+++ EXTRACTED ENTRIES

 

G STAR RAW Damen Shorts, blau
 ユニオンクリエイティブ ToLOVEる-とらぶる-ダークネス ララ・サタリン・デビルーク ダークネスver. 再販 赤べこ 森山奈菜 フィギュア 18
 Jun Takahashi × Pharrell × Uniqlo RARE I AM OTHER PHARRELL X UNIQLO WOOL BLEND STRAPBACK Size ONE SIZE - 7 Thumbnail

++++++
+++ EXTRACTED ENTRIES

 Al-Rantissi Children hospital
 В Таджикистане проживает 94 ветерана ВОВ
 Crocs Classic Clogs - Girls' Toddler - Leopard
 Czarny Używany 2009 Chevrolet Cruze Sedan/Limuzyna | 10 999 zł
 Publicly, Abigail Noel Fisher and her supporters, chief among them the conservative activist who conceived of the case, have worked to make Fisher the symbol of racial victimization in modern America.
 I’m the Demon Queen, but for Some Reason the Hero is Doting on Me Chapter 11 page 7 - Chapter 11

++++++
+++ EXTRACTED ENTRIES

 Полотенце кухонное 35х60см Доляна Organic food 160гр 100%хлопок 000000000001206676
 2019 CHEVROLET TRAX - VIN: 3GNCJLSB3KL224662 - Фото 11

++++++

### ABOUT THIS TASK
Reproduce verbatim only the segment of the listing bounded by the line containing "G STAR RAW Damen Shorts, blau" and the line containing "Jun Takahashi ×", with both boundary lines included.

### ANSWER TO THIS EXERCISE
G STAR RAW Damen Shorts, blau
 ユニオンクリエイティブ ToLOVEる-とらぶる-ダークネス ララ・サタリン・デビルーク ダークネスver. 再販 赤べこ 森山奈菜 フィギュア 18
 Jun Takahashi × Pharrell × Uniqlo RARE I AM OTHER PHARRELL X UNIQLO WOOL BLEND STRAPBACK Size ONE SIZE - 7 Thumbnail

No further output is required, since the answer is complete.